#### [Work task]
Write out the opening lines of the data word for word, up to and including the line with "Necklace - Amazonite & Prasiolite", and leave every picture and every later line out.
── Records for this exercise ──
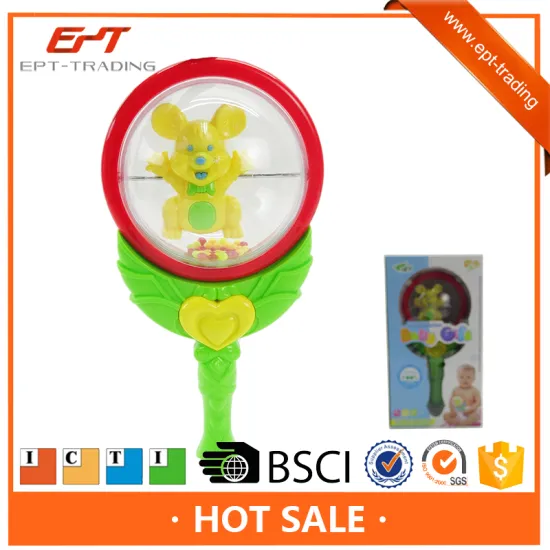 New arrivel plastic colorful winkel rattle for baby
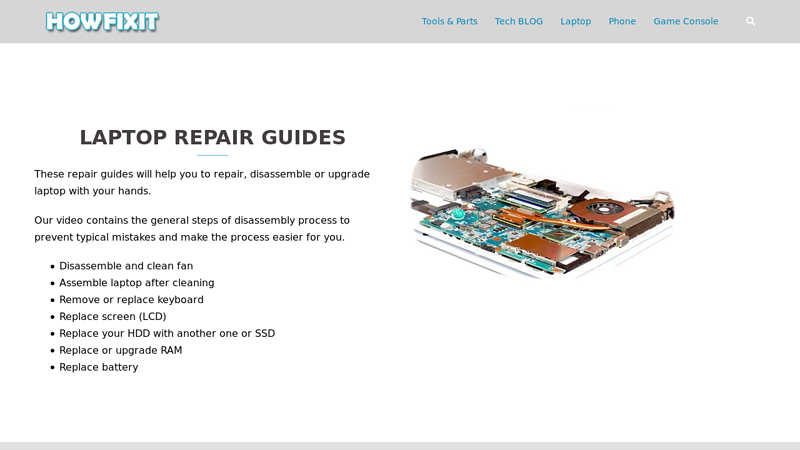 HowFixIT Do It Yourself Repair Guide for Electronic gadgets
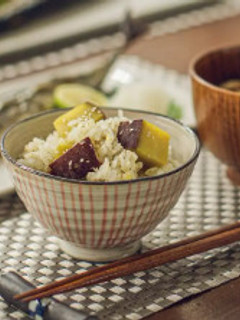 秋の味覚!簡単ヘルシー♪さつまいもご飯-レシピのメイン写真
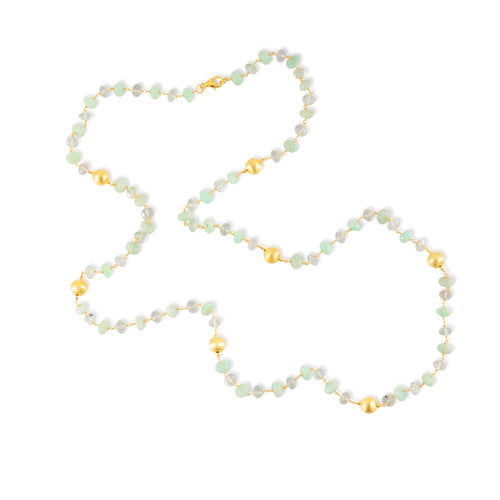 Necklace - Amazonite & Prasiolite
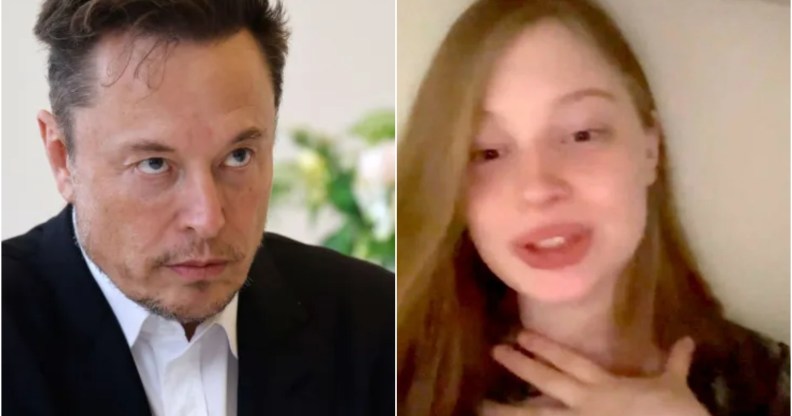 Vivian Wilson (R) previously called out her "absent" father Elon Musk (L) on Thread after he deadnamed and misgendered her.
───
#### [Response to this exercise]
 New arrivel plastic colorful winkel rattle for baby
 HowFixIT Do It Yourself Repair Guide for Electronic gadgets
 秋の味覚!簡単ヘルシー♪さつまいもご飯-レシピのメイン写真
 Necklace - Amazonite & Prasiolite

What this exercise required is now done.